The problem is, they are derived from the proportion of offenders jailed for each offence and the average number of days criminals spend in jail for them. So, this means it's based on the judiciary’s interpretation of crime.
The top three are: homicide, attempted murder, and female rape. Stalking is fourth from the bottom just above shoplifting, with a weight of one-tenth that of a single domestic burglary.
When you look at the case reviews of homicides by ex-partners, the vast majority of those cases had included stalking behaviour. Stalking is a precursor to serious harm, physical, sexual assault or murder. Coercive Control isn’t listed at all, because it is a new law, but based on the weighting I’m confident it would be low on this scale.
According to police statistics, victims who have previously reported domestic abuse, and their records have been marked as such, are one of the most prevalent victim groups.
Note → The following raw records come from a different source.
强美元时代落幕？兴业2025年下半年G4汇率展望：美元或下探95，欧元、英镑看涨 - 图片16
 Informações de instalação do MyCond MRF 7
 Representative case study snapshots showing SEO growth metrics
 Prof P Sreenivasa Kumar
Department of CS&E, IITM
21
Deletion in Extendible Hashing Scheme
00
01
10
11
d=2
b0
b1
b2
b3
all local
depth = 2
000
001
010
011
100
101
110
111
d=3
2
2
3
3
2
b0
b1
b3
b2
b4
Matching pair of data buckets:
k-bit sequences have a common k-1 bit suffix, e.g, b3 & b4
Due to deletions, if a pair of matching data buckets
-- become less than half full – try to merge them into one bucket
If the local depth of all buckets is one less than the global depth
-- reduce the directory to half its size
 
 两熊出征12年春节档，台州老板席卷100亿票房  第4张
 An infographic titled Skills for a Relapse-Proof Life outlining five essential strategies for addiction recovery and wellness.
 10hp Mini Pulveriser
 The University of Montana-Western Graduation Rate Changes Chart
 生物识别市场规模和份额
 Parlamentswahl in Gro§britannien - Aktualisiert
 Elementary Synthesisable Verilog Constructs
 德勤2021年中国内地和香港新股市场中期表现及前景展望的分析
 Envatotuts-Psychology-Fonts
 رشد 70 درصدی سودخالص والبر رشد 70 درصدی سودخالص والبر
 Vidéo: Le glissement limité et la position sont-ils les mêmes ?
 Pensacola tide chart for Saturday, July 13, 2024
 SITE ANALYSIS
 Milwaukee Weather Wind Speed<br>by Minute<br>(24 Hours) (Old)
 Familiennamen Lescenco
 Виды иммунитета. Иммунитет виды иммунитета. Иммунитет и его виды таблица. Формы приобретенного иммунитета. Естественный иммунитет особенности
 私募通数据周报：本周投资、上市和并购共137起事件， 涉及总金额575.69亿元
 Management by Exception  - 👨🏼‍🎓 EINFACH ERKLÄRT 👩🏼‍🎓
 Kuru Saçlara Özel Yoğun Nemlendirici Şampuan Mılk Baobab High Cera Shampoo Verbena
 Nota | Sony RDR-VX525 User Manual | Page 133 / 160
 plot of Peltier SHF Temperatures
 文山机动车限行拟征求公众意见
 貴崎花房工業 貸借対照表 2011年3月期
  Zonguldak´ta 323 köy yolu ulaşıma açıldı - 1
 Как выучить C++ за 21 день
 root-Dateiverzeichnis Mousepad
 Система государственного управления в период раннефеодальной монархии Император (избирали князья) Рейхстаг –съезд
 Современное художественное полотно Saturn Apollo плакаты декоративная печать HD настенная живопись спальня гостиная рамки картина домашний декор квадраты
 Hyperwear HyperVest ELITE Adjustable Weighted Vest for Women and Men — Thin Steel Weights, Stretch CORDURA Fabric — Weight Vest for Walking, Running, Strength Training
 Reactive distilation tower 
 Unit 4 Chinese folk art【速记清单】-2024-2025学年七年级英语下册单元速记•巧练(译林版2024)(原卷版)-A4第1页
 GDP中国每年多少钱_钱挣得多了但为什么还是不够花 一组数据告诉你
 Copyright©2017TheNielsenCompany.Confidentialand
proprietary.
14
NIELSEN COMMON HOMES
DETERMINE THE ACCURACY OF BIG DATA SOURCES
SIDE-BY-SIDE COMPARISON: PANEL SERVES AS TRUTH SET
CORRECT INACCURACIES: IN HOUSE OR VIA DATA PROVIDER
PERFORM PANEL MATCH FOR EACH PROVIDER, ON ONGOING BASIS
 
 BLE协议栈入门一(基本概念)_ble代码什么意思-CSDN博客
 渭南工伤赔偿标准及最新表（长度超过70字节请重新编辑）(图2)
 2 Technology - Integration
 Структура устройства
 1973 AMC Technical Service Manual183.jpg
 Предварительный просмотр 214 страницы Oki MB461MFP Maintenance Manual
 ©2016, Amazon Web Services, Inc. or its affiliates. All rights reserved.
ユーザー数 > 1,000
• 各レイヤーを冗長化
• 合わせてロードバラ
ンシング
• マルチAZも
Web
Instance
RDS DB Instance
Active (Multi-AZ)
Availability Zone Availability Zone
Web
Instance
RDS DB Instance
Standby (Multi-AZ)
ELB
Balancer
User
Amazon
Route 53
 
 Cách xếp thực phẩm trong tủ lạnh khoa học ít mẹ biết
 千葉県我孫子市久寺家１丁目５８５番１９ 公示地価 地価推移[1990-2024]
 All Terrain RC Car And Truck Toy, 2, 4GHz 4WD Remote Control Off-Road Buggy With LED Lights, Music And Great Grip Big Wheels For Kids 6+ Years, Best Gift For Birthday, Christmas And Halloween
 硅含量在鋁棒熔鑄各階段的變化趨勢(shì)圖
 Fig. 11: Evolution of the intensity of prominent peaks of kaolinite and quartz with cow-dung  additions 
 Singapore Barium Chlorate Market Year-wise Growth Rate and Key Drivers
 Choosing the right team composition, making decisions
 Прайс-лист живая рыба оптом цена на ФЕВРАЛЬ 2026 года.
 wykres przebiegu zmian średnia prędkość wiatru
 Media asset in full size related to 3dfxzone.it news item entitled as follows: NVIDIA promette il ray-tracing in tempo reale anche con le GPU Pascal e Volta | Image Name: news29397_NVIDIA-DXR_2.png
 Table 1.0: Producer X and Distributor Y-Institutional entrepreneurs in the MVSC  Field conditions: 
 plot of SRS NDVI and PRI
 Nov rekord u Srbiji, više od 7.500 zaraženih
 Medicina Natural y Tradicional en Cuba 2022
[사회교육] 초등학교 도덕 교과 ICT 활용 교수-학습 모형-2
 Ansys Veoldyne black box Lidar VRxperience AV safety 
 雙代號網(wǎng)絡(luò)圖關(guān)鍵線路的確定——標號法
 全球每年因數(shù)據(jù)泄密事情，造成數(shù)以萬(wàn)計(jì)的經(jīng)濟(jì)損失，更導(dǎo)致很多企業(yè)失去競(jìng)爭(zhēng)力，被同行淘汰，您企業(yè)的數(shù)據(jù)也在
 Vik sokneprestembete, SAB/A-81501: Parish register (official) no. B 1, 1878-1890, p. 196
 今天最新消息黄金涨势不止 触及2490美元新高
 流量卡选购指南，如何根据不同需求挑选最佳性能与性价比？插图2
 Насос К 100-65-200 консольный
- They are the largest victim group within harassment: 48%-61%
- They comprise over 30% of assaults with injury
- They account for 13% of rapes
If you want to prevent murder and rape, then you need to address stalking and coercive control. Domestic abusers and stalkers have some of or all elements of the Dark Triad of personalities traits. They are narcissists, Machiavellians (master manipulators) and sadists. Stalkers are also obsessive.
The police and judiciary are used to dealing with burglars, drunken assaults, DUIs. They are ill equipped to understand how to deal with complex abuse cases that involved hundreds or thousands of incidents, which often involve perpetrators with the above personality issues.
A stalking victim is much more likely to get a judge that doesn’t understand stalking, than one that does. My mind immediately flashes back to a time I supported a domestic abuse victim whose ex was stalking her. When presented with a stalking risk assessment, the judge said, “oh we don’t want to go down that route”. And when the victim asked for a non-molestation order he refused because he said there weren’t enough grounds. He then went on to say “what do you want me to do, I’m not a social worker”. He made it clear he was bored with her case when he said, “some people are just dealt a bad hand”. I wish this victim’s experience within the criminal justice system was the exception and not the norm, but it isn’t.
Peter Neyroud, who developed the harm index at Cambridge University’s Institute of Criminology, said last night: ‘A crime harm index will help us – police, politicians, and citizens – to understand crime and the harm it causes to victims and communities better. It helps police to target serious crimes more effectively, exposing crimes like child sexual exploitation, rape, and domestic violence more starkly", yet one of the highest risk elements with domestic violence is rated low and coercive control not rated at all.
I can only scream in frustration. It doesn’t achieve his objectives; it perpetuates a criminal justice system that doesn’t deal appropriately with serious crimes that impact greatest on women. That is why the number of women murdered by partners or exes has remained stubbornly high at 2.3 women a week, as well as the estimated 500 women a year who kill themselves. The impact on children is incalculable and the cost to society and to policing translates into one of the most expensive areas of crime today.
This harm index fails to prevent serious crime, or help the most vulnerable victim groups, or even to reduce costs to police and society.
But because it is based on criminal justice outcomes, it does demonstrate the criminal justice system is failing domestic violence and stalking victims. Showing that the police, CPS, family and criminal courts need to significantly change, to protect victims and to effectively manage abusers.